Go to the Health app, tap your profile photo, then Export All Health Data. It downloads as a ZIP file containing an export.xml file with every metric your watch has ever recorded.
Raw XML isn’t easy to work with. Two options to make it usable:
Health Auto Export — exports your data as CSV or JSON on a schedule. Much cleaner than the raw XML dump.
applehealthdata.com — a free converter that turns the XML into a readable spreadsheet.
What you can do with it
Once you have the data in a spreadsheet, you can build a more detailed version of the 3-point score — with historical trends, Training Load overlays, and Vitals outlier counts over time.
You can also drop the CSV into an AI like Claude or ChatGPT and ask it anything. Which weeks had the best recovery? How does your HRV respond after hard training blocks? What does your sleep look like before illness shows up in Vitals? The data is all there — the AI just helps you find the patterns faster.

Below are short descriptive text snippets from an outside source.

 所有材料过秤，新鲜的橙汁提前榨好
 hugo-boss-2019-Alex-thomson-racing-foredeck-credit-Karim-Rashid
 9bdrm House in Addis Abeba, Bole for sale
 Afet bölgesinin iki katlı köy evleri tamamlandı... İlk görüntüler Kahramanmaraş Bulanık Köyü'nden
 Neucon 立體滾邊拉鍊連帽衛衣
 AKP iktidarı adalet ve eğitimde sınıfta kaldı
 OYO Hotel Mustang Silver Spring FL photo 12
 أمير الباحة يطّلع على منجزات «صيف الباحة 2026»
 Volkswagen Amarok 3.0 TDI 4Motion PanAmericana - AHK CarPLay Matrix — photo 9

If you want to try a weighted formula, one starting point: 40% HRV, 25% sleep, 20% resting heart rate, 15% Training Load status. Adjust the weights based on what you find actually predicts your best training days.
This is optional. The 3-point morning check is enough for most people. But if you want a full picture of how your recovery trends over months, the export is how you get there.
Summary
| Where | Score 1 point | Score 0 | |
|---|---|---|---|
| HRV | Health app Summary | At or above your usual | Noticeably below your usual |
| Resting heart rate | Health app Summary | Inside your normal range | Above your normal range |
| Sleep Score | Health app Summary | High or Normal | Low |
| Vitals | Vitals app | All Typical | Any High or Low flagged |
3/3 = train hard. 2/3 = train moderate. 0-1/3 = rest.